For the automated triggering approach[95] the MR system continuously monitors the signal intensity within a single large voxel placed over an artery (e.g. upper abdominal aorta) within the region-of-interest (ROI). The scan is triggered when the signal intensity rises above a predetermined threshold value, indicating the arrival of contrast medium in the selected artery. This approach removes user dependence from the process but there is no possibility for the operator to interactively select a slightly longer scan delay time, for example in a patient with extremely slow flow in whom there may be a prolonged delay between arrival of contrast within the upper abdominal aorta and the iliac arteries.
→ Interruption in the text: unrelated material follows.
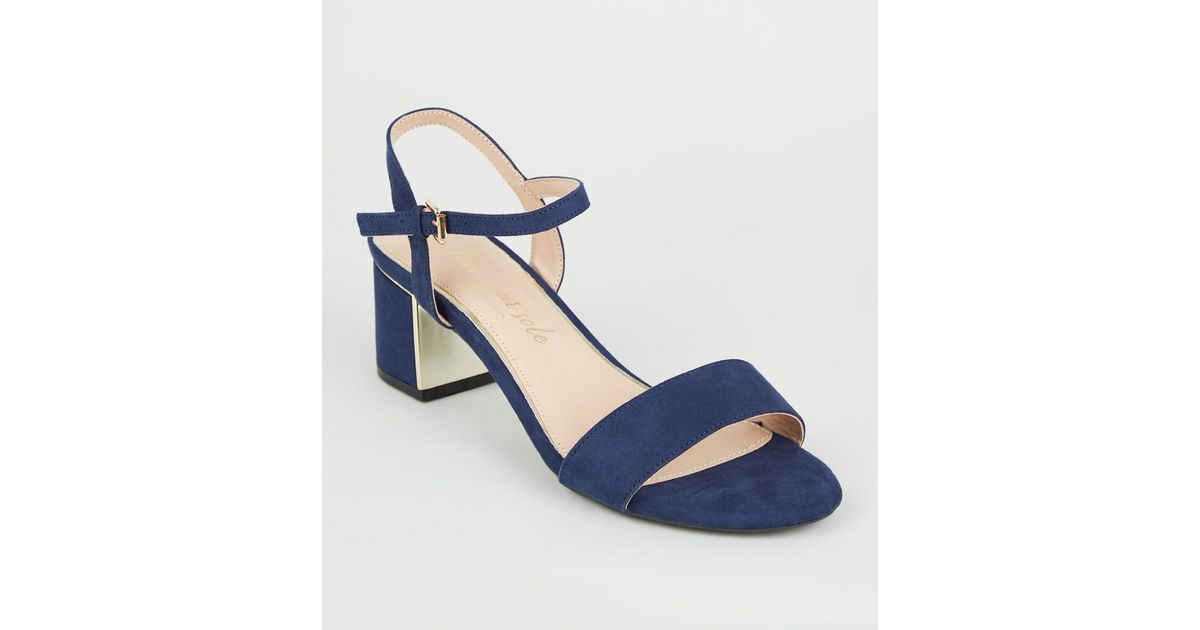 Wide Fit Navy Metal Trim Mid Block Heels | New Look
Time-resolved contrast-enhanced MRA techniques

The CE-MRA techniques described so far result in a single 3D image data set at one time point during the passage of contrast through the region of interest. Limited dynamic information can be obtained by simply repeating the same acquisition but the maximum ‘frame rate’ for such an approach is limited by the relatively long acquisition time (typically 10–15 seconds). Time resolved CE-MRA techniques were developed to overcome this limitation, reducing the time interval between successive 3D MRA data sets (the temporal resolution) to just a few seconds whilst maintaining high spatial resolution. The technique was first published as t ime r esolved i maging of c ontrast k inetics (TRICKS) and introduced the idea of dividing the 3D k-space into several zones[96]. The image data within each k-space zone is acquired at different selected time periods, however the zone at the central part of k-space is re-acquired more frequently than the other zones, updating the contrast information more rapidly than the other higher spatial frequency information (Figure30). Each time the contrast information is updated, the whole k-space data is used to reconstruct a new image dataset. Vendor specific time-resolved MRA techniques are now available with GE adopting the TRICKS method. The keyhole-centric and 4D-Trak (Philips) and TWIST techniques (Siemens) divide k-space into just two zones and use differing approaches to fill the outer part of k-space. Time resolved CE-MRA techniques are of particular advantage when assessing congenital vascular anomalies and arterio-venous malformations.
Figure 30

This diagram shows the time- resolved MRA approaches offered by three vendors. In each case, the effective frame rate is defined as the time interval between central zone acquisitions as this determines how often the image contrast is updated. In (a) the vendor implementation of time resolved imaging with contrast kinetics (TRICKS), divides 3D k-space into four elliptical concentric zones. Data is acquired initially for all four zones and subsequently the acquisition of the central zone is interleaved with each of the three outer zones in sequence. The solutions from two other vendors divide k-space into just two zones. In (b) the TWIST technique initially samples the whole of k-space and subsequently acquires the central zone interleaved with the outer zone. As the outer zone is much larger, although k-space lines are updated over the full extent of the outer zone, many lines are skipped. The missing lines are then updated in subsequent outer-zone acquisitions. In (c) the 4D-TRAK technique acquires the whole of k-space at the beginning, followed by between 4–6 consecutive acquisitions of the central zone, after which the outer zone of k-space is sampled once more. The initial whole k-space acquisition is used as a mask which is subtracted from later reconstructions to remove the background tissue signal. Subsequent outer zone acquisitions are combined with the preceding 6 central zone acquisitions (indicated by the curved arrows) to reconstruct time resolved image data sets.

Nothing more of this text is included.